WHAT YOU NEED TO DO
When you reach the line below that has "Young girl reads", start returning lines exactly, and stop after the line that has "Actress Christine Neubauer"; skip the pictures.

RECORDS SUPPLIED
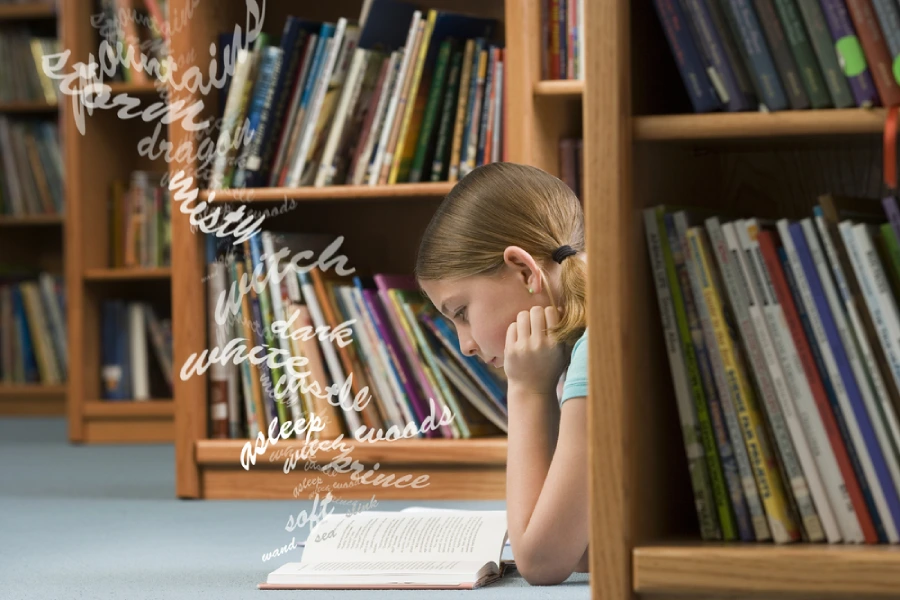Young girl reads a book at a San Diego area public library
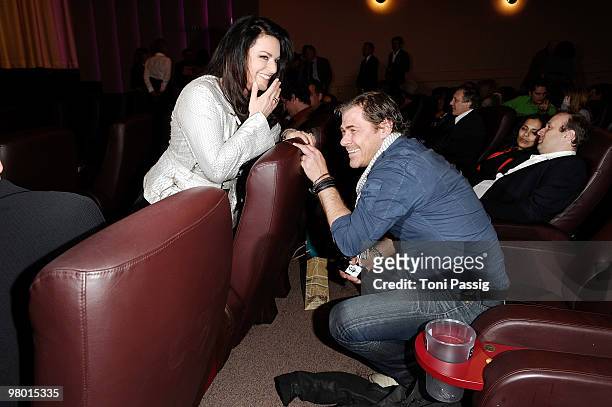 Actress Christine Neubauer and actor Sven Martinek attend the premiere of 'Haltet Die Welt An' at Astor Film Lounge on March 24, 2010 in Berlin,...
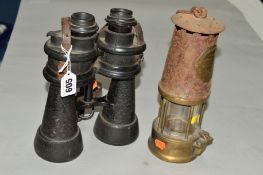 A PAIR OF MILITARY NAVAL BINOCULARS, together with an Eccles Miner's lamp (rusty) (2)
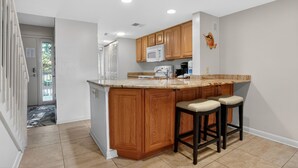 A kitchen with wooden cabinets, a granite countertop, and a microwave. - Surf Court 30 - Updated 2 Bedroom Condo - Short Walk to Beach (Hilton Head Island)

...

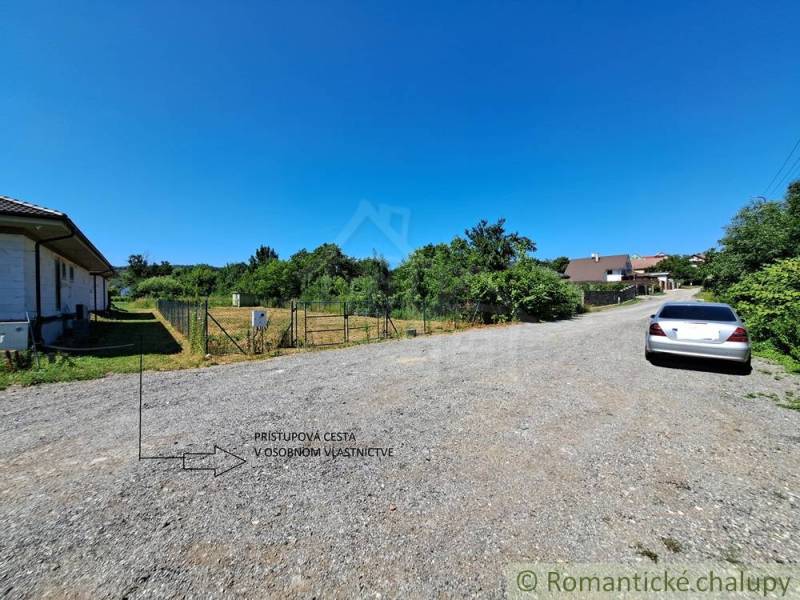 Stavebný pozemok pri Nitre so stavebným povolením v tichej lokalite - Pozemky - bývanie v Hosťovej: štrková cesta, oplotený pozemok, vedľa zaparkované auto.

* * *

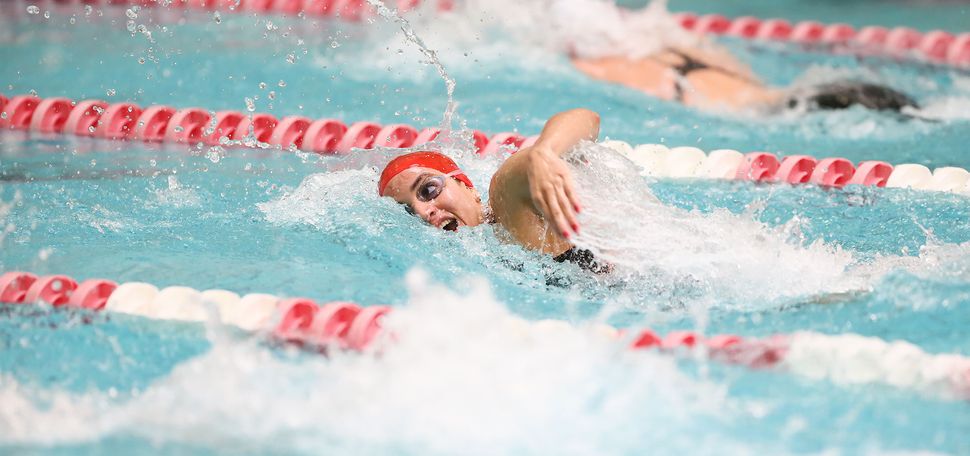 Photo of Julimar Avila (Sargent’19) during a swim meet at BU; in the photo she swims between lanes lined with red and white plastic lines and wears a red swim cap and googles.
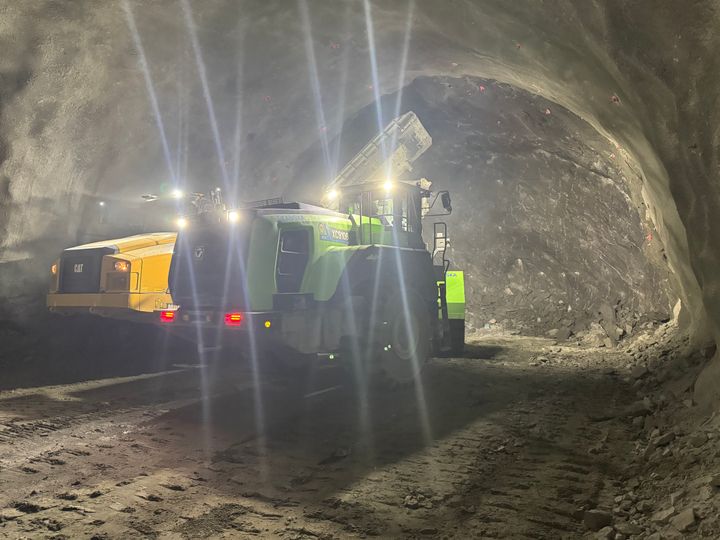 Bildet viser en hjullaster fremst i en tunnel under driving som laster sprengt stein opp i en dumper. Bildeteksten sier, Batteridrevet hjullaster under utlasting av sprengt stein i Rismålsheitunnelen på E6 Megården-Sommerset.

RESPONSE BELOW
Young girl reads a book at a San Diego area public library
 Actress Christine Neubauer and actor Sven Martinek attend the premiere of 'Haltet Die Welt An' at Astor Film Lounge on March 24, 2010 in Berlin,...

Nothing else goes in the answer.